Information note n°31b

Analysis of the observations of contacts

Calculation of the AU using the whole set of data :

P. Rocher, J.-E. Arlot, September 18, 2004.

Introduction.

We are now after June 8 and we have received all the observations of contacts. We may calculate the AU using a not constrained system or using the Delisle’s method using only some selected observations. For that purpose, we must find a criterion to select the “good” observations of contacts. In a first step we will suppose that the « good » observations are the ones near the predictions that we made. We will verify afterwards that this hypothesis is justified.

Then, we will select several sets of observations and we will calculate the AU using the not constrained method. We will also made the calculation after weighting the observations depending on the site of observation that should lead to a more realistic value of the AU. At last we will apply the Delisle’s method on our best set of data in order to see if it is applicable even if the observers were not organized as during the past centuries.
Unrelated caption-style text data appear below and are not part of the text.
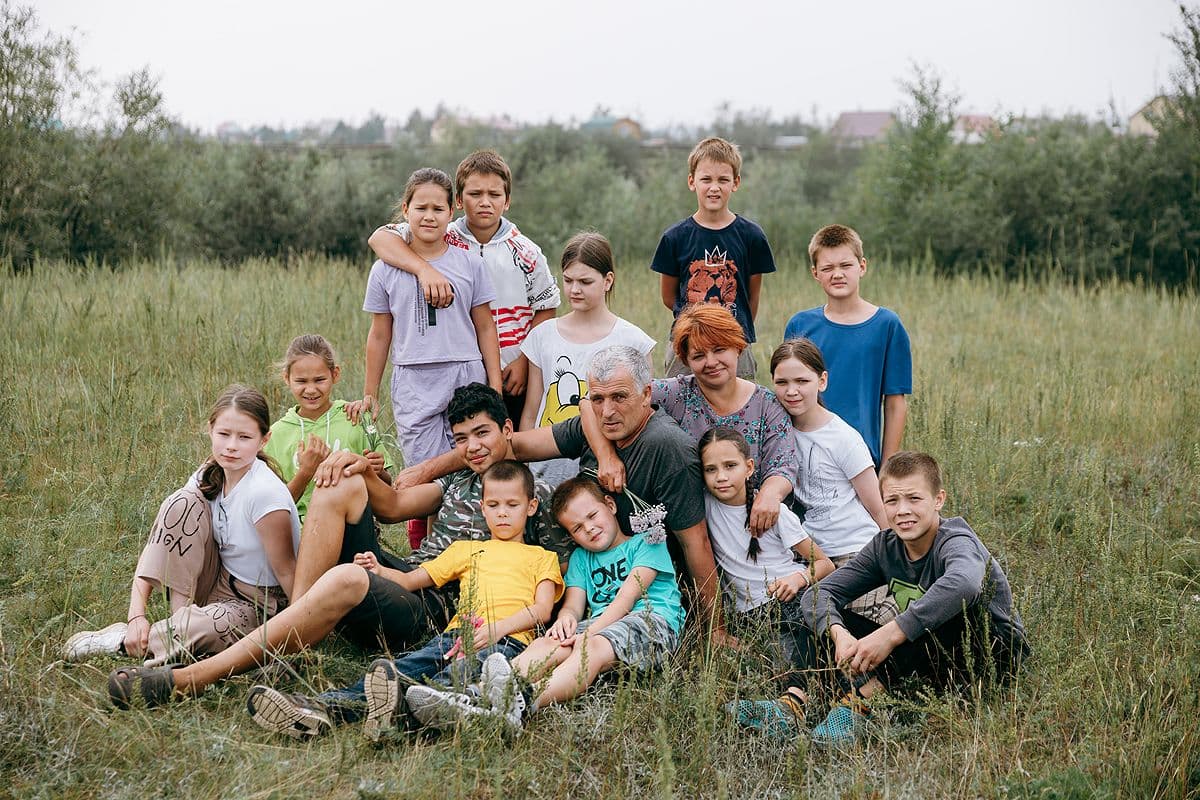 «Просто воспитывайте детей»: меценат оказал помощь семье из Якутска после сюжета по ТВ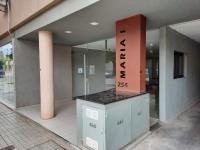 Departamento en zona centro con vista al parque - Chambres d’hôtes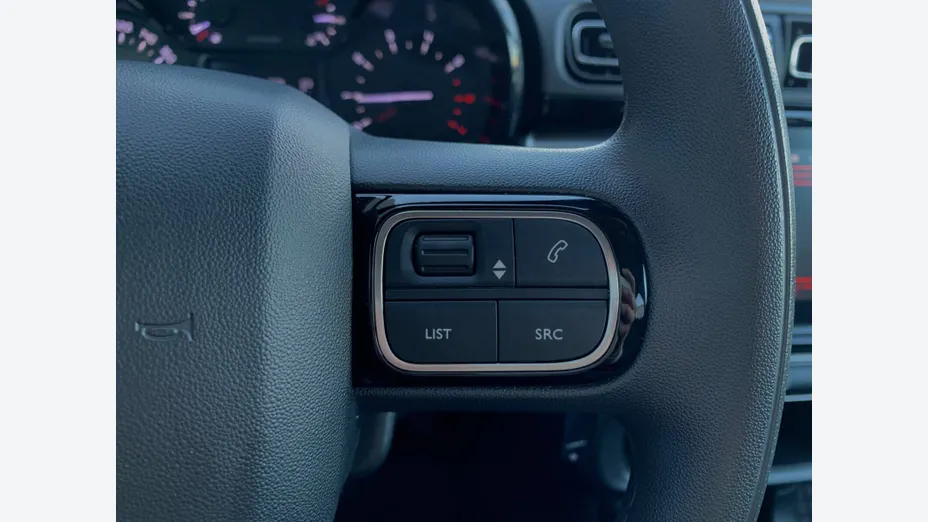 CITROEN C3 C3 1.2 PureTech Max EAT6
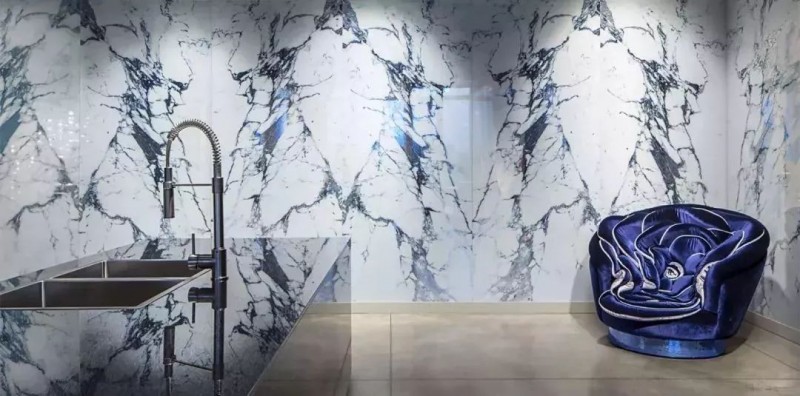 走在潮流前端的領&ldquo;石&rdquo;人，讓大理石再次顛覆性創新！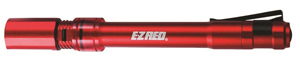 Ez Red Eztf120r Red Rechargeable Pocket Led Light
The calculation of the AU with the whole database of contacts

First, we have to be sure that the theoretical value of the parallax (or the AU) entered in the calculation of prediction of the contacts is good, compared to the experience that we are performing (i.e. the observation of the contacts for the determination of the AU).

How to do that ?

If this theoretical value is good, the average of the AU that we are calculating thanks toi the observations of contacts must converge as we decrease the interval of time around the predicted value in which we keep the sample of observations that we keep.

More explanations: we select all the observations being made at most at 30 seconds of time, for example, from the prediction and we make the average of the AU calculated with these observation. Then, we decrease the interval (15s, 8s, 4s) and we make the average of the calculated AU for each sample corresponding to each interval. If our initial theoretical value of the AU used for the prediction is good, the succession of averages converges towards our initial value. At the same time, the number of observed contacts late referred to the prediction will approach the number of contacts in advance and the average of these variations will tend towards zero insofar as the distribution of errors is Gaussian. This will be shown by the analysis of the data that we received.

Below, the results obtained with the whole data base as it was on July 14, 2004.

Characteristics of the data base :

Number of registered observers having sent observations : 1501.

Number of registered observers having observed the first contact : 722.

Number of registered observers having observed the second contact : 1139.

Number of registered observers having observed the third contact :1336.

Number of registered observers having observed the fourth contact :1170.

Number of registered observers having measured the external duration : 639.

Number of registered observers having measure the internal duration: 1014.

Number of registered observers having measured the four contacts: 616.

Total number of observations : 4367.

In the table below, we provide successively : the size of the interval 2DT around the predicted values of the contacts, the number of observations corresponding to this criterion, the average of the calculated AU solving the not constrained system with these observations, the shift to the real value of the AU and the value of the corresponding parallax.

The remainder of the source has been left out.